TASK
Where an entry contains an image, skip the image and print the rest exactly.

TASK INPUT
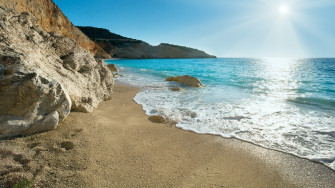 Greece Wallpaper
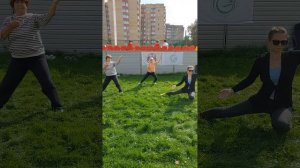 Фасциальная растяжка, Тверь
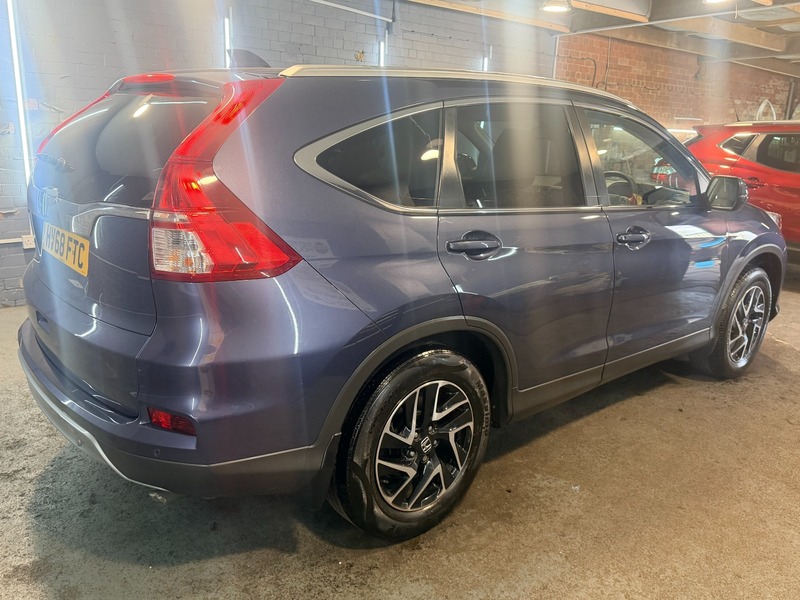 Used Honda CR-V 2018 for sale - 78213192: Photo 5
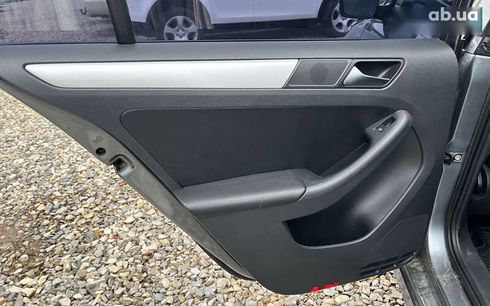 Volkswagen Jetta 2011 - фото 14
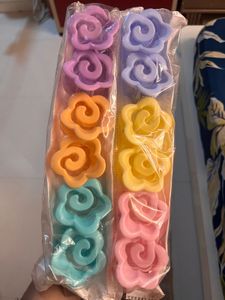women hair claw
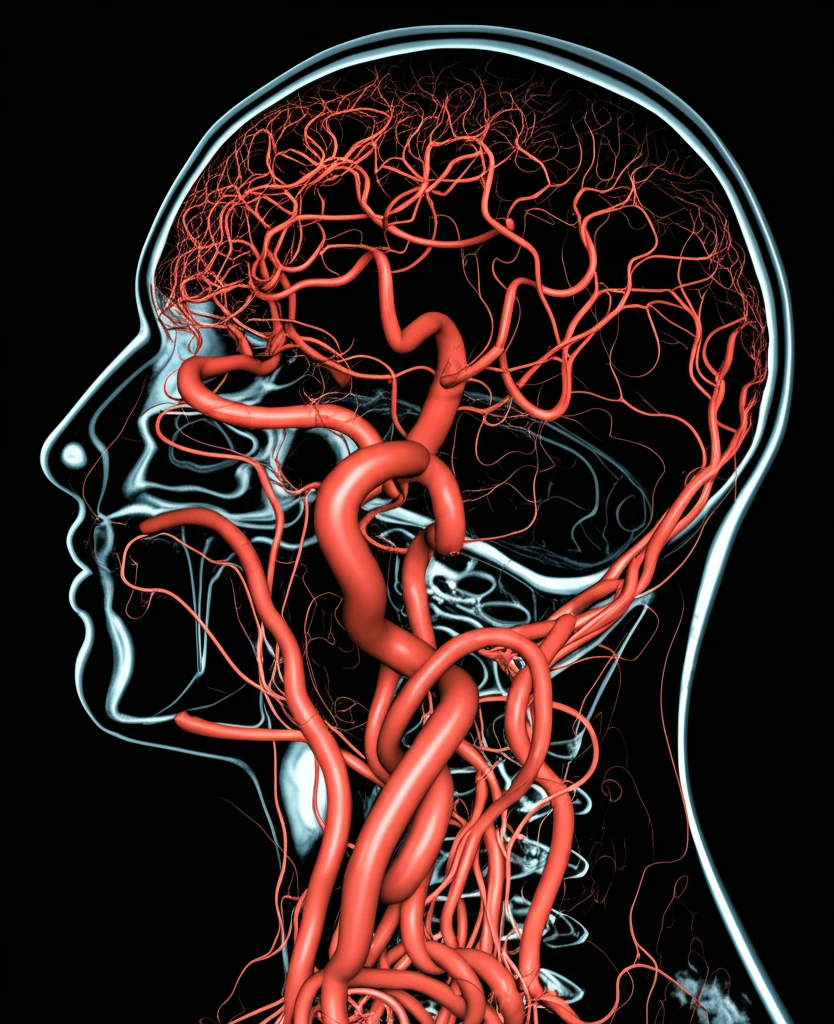수술 없이 진단하는 이비인후과 MRI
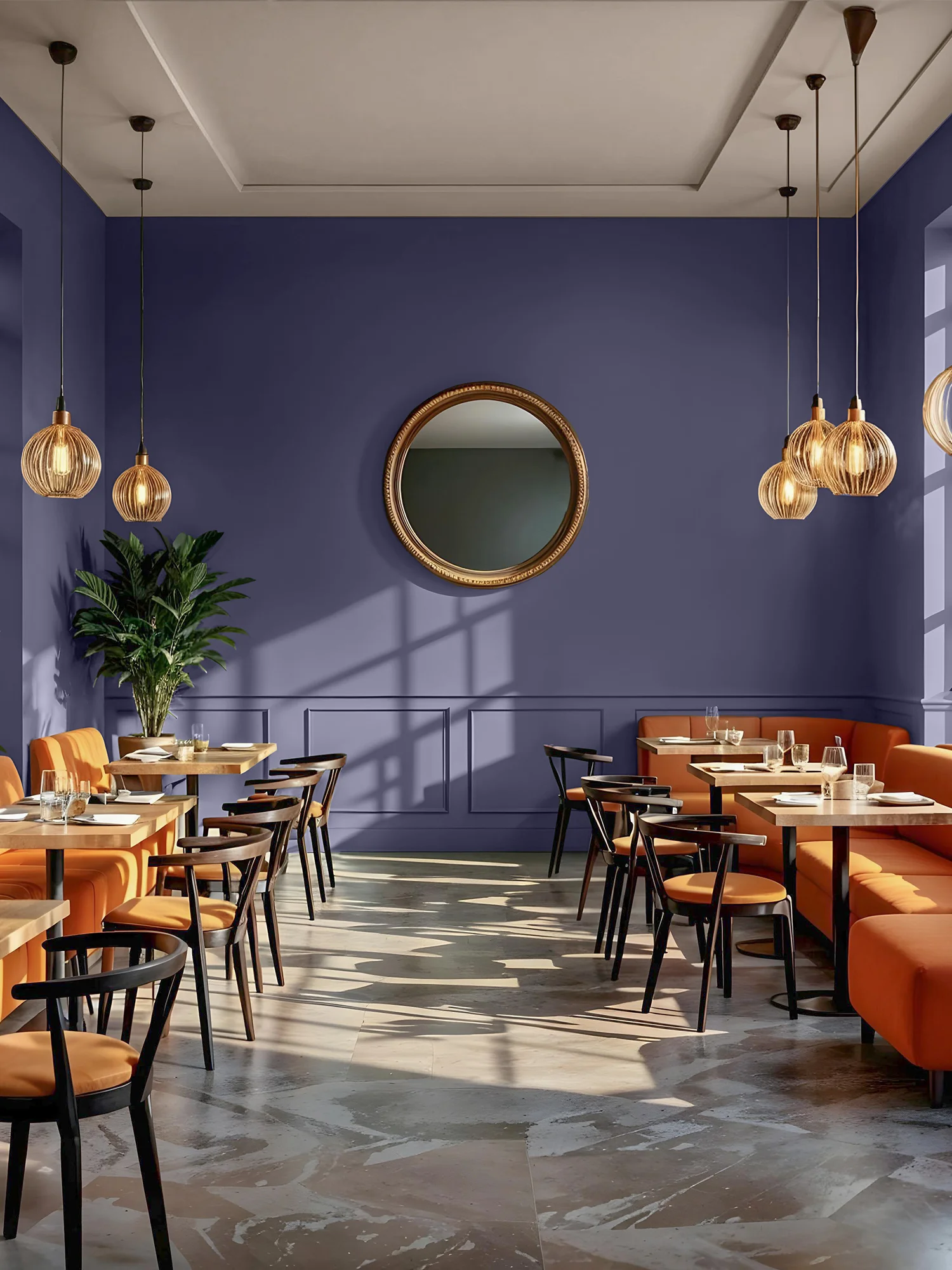 Rare Orchid Café Allure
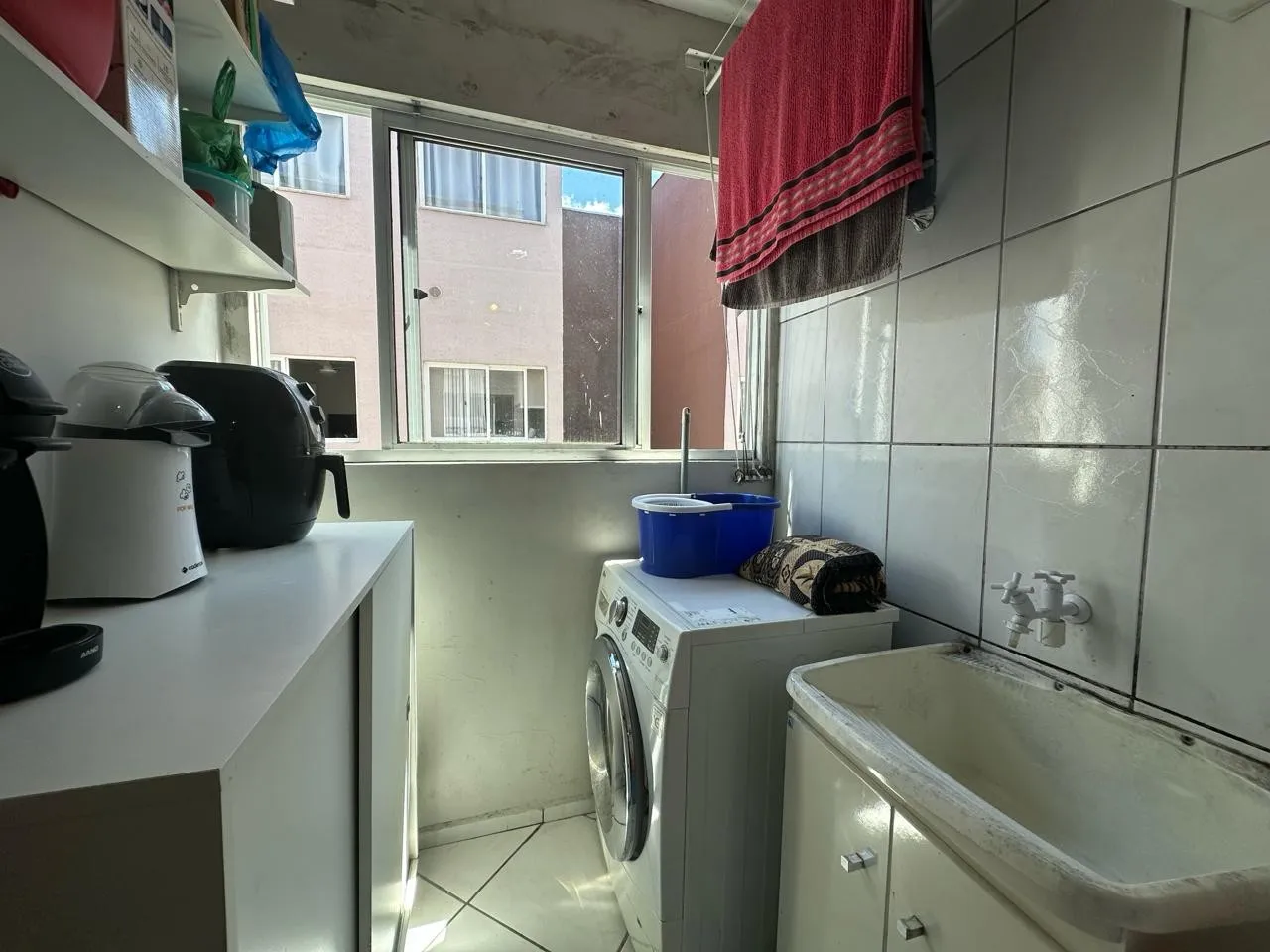 Apartamento - 2 dormitórios - 1 vaga — foto 4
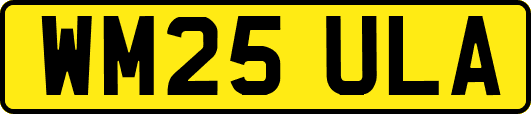 WM25ULA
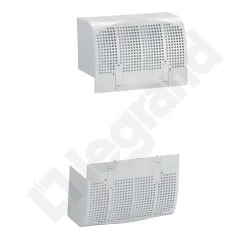 DPX3 250 OSŁONA PRZYŁĄCZY ROZSZERZONYCH 4P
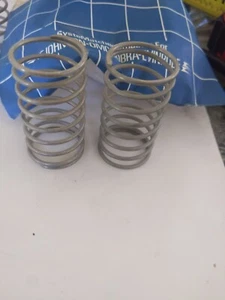 OMC 336765 LOT OF 2 SPRINGS - Picture 1 of 3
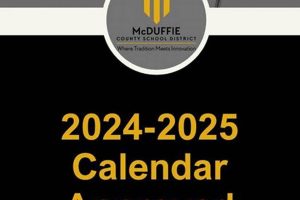 Official McDuffie County Schools Calendar 2023-2024 Best Schools in America: Top Public & Private Options Official McDuffie County Schools Calendar 2023-2024 | Best Schools in America: Top Public & Private Options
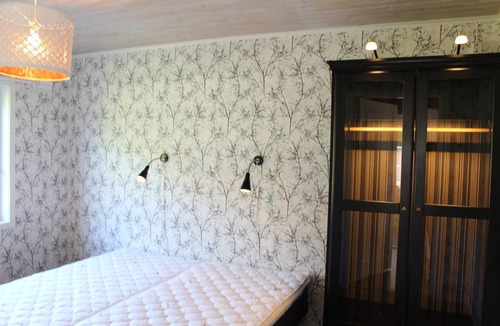 Vackelsang House | 70 m² House ∙ 3 bedrooms ∙ 6 guests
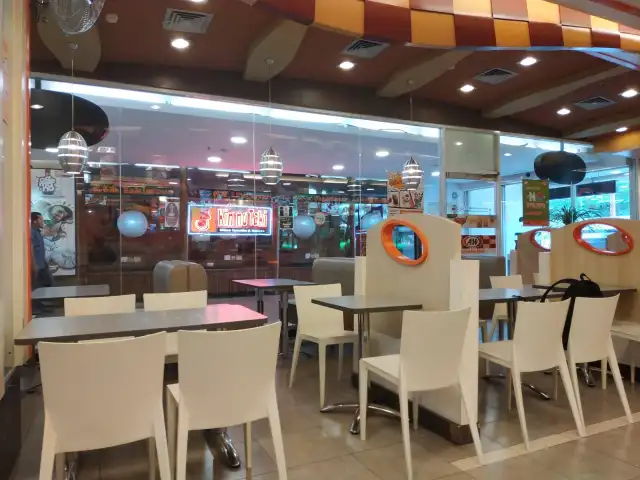 Gambar Makanan A&W 16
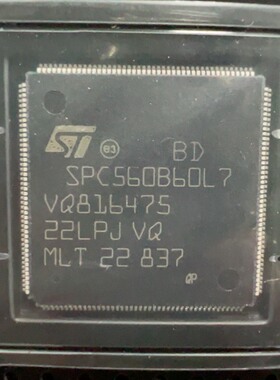 议价SPC560B60L7样品10个800块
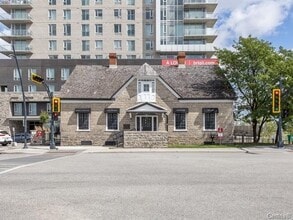 376 Boul Saint-Joseph, Gatineau, QC for lease Building Photo- Image 1 of 5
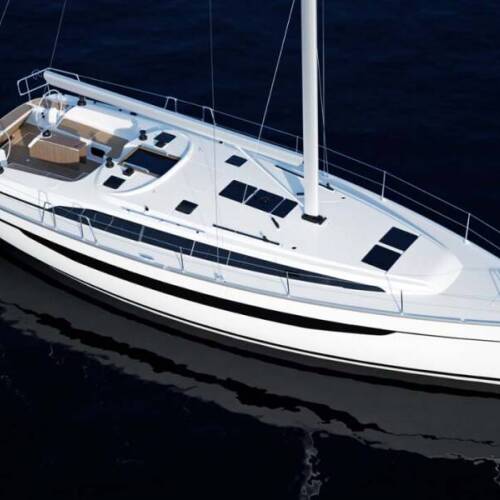 Bavaria Voyager 45 Arcalis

SOLUTION FOR THIS TASK
 Greece Wallpaper
 Фасциальная растяжка, Тверь
 Used Honda CR-V 2018 for sale - 78213192: Photo 5
 Volkswagen Jetta 2011 - фото 14
women hair claw
수술 없이 진단하는 이비인후과 MRI
 Rare Orchid Café Allure
 Apartamento - 2 dormitórios - 1 vaga — foto 4
 WM25ULA
 DPX3 250 OSŁONA PRZYŁĄCZY ROZSZERZONYCH 4P
 OMC 336765 LOT OF 2 SPRINGS - Picture 1 of 3
 Official McDuffie County Schools Calendar 2023-2024 Best Schools in America: Top Public & Private Options Official McDuffie County Schools Calendar 2023-2024 | Best Schools in America: Top Public & Private Options
 Vackelsang House | 70 m² House ∙ 3 bedrooms ∙ 6 guests
 Gambar Makanan A&W 16
 议价SPC560B60L7样品10个800块
 376 Boul Saint-Joseph, Gatineau, QC for lease Building Photo- Image 1 of 5
 Bavaria Voyager 45 Arcalis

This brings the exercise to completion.